Integrated Deterrence: Episodic Analysis
Principal Investigator: Eli Berman, UC San Diego
Co-Investigators: Esteban Klor, Hebrew University, Jerusalem
Years of Award: 2023 - 2026
Managing Service Agency: Air Force Office of Scientific Research
We propose formalizing and empirically testing key aspects of Integrated Deterrence theory, which is central to the National Defense Strategy, and indeed central to conflict in the modern era, ranging from deterring information operations in the grey zone to deterring conventional and nuclear attack.

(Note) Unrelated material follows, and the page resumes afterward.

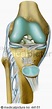 Kniegelenk, knee joint - DocCheck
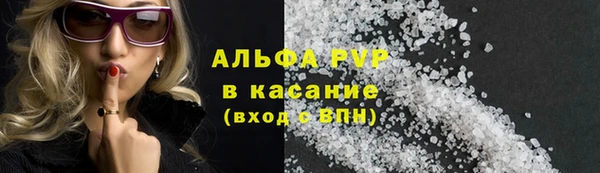 ПСИЛОЦИБИНОВЫЕ ГРИБЫ Инта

We will develop the concept of a response function –derived from game theory, allowing us to analyze deterrence by cost imposition by examining the slope of response as a function of damage incurred. We will also formalize and test hypotheses about deterrence by denial and deterrence by resilience, using shifts of that response function. By examining the shapes of interacting response functions we can find equilibria, understand escalation, and inform escalation management. Our approach will integrate both economic and humanitarian tools with destructive activity, broadening conventional deterrence theory to allow “frenemies” –who are simultaneously in conflict, competition and cooperation.
Our empirical analysis is enabled by a unique dataset under development, which records the very high frequency of attacks along the Gaza – Israel border, collected by neutral observers, from 2007 through 2018. Measurement occurs at a frequency of up to five minutes, and includes attacks from multiple IDF platforms and multiple Gazan protagonists, both using a variety of armaments (including missiles, rockets, mortars, airstrikes, incursions, etc…), including casualties and fatalities of both combatants and noncombatants. It spans large Israeli incursions --conducting deterrence by denial, as well as the introduction of “Iron Dome” air defense –providing resilience. Those data are supplemented with data on border crossings, reflecting bilateral trade and humanitarian activity, adding a frenemies dimension. An additional attractive aspect of these data is that we can discuss it with decisionmakers on at least one side and cross-validate it with social media of all protagonists.
Preliminary analysis based on a partial version of those data reveals that the conflict is best understood as a sequence of attacks and counterattacks aggregated to episodes. Episodes have an internal logic of stimulus-response in which calendar time is of secondary importance. That structure necessitates creating new techniques in computer-aided coding to establish sequence, and in statistically analyzing episodic data to deal with serially correlated errors between actions (rather than time periods).
These techniques, piloted on preliminary data, indicate stable response functions over hundreds of episodes, once the intensity of attack is aggregated across munitions to create common damage measures.
Those (preliminary) response functions indicate stable deterrent postures of both sides –Israel and Gaza. Consistent with this posture, Israel disincentivizes violence by opening border crossings during lulls. The conflict has a single, stable equilibrium, though at a positive level of violence –indicating incomplete deterrence. Both sides practice mixed (i.e. probabilistic) strategies, so that their stable equilibrium is not a point but a two-dimensional distribution in a damage space.
Our analytical results –which rely on the shape of response functions, should be of general use in analyzing deterrent interactions, including aspects of deterrence (cost, denial, resilience) and escalation management. We are fairly confident that this project can yield analytically tractable tools to inform Integrated Deterrence theory generally, and lead to practical insights for measuring and analyzing response functions of competitors, and ultimately for guiding de-escalation towards more constructive equilibria.